Ces séquences qui ne nous quittent pas #1

Quels réalisateurs ou quelles réalisatrices ont réussi à graver un souvenir indélébile sur notre rétine cette année ? Retour sur ces scènes qui irradient encore, longtemps après les avoir vues.

Matthias et Maxime de Xavier Dolan

Matthias & Maxime de Xavier Dolan |Copyright Shayne Laverdiere

Avec ce 8e long-métrage, le jeune trentenaire, originaire du Québec, prouve à nouveau qu’il est l’une des révélations cinématographiques de la décennie sur le point de s’achever. En plus de retrouver sa casquette d’acteur, Xavier Dolan signe avec Matthias & Maxime un film émouvant sur la jeunesse, l’amitié et le désir. Il le définit lui-même comme un film « pluriel », où le groupe, le « gang » – constitué de ses amis dans la vraie vie – apparaît au cœur d’un cinéma vibrant. Mais la solitude n’est jamais bien loin chez Dolan. Ni le doute, d’ailleurs. Malgré de sublimes scènes de bande, aux rythmes effrénés ou ralentis, c’est bien la solitude qui aura retenu notre attention.

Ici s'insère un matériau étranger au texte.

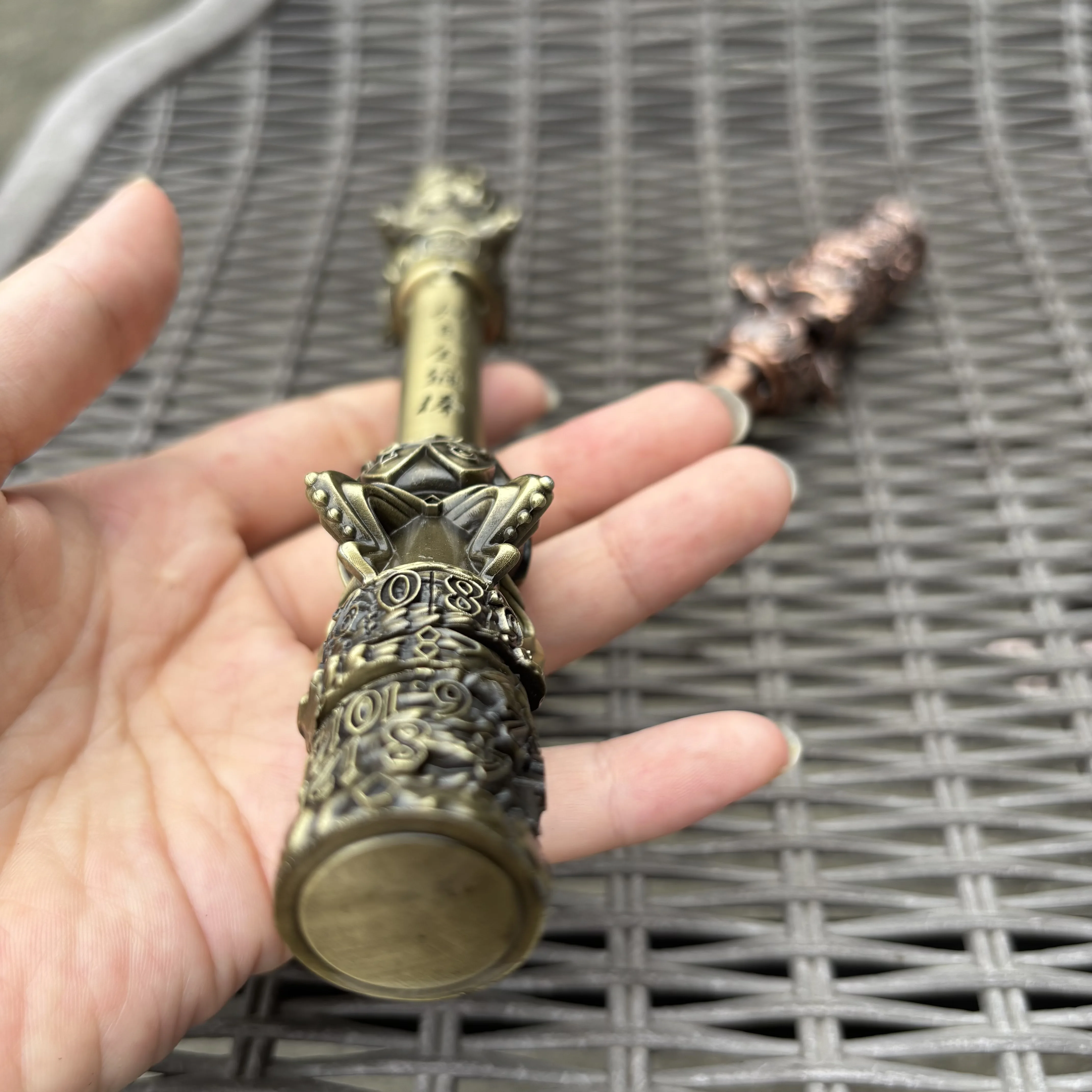 Golden Cudgel EDC 골든 후프 피젯 스피너는 성인 스트레스 요소 선물을 완화합니다. 금속 손가락 장난감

Après avoir dû s’embrasser pour les besoins d’un court-métrage, Matthias – interprété par Gabriel D’Almeida Freidas – et Maxime – Xavier Dolan lui-même – vont se coucher. Matthias ne parvient pas à trouver le sommeil, semblant bel et bien troublé par ce baiser. Le soleil commence seulement à poindre lorsque le jeune homme se lève, agité. Il quitte la chambre, se dirige vers le lac en contrebas, se dévêt, puis plonge dans une eau dormante. Commencent alors les premiers accords aériens du piano de Jean-Michel Blais – jeune compositeur québécois, à qui Dolan a confié l’écriture de la bande originale – qui iront crescendo en intensité. Pendant près de trois minutes, la caméra surnage aux côtés d’un Matthias s’époumonant au crawl, avant de s’immerger progressivement dans les eaux d’un bleu profond et leur silence. L’accalmie avant la tempête. Il émerge, désorienté, à bout de souffle, grelottant, après cet aller-retour acharné. Enfin, il ne reste que ces mots, prononcés par Matthias, d’une violente simplicité : « Je me suis perdu ».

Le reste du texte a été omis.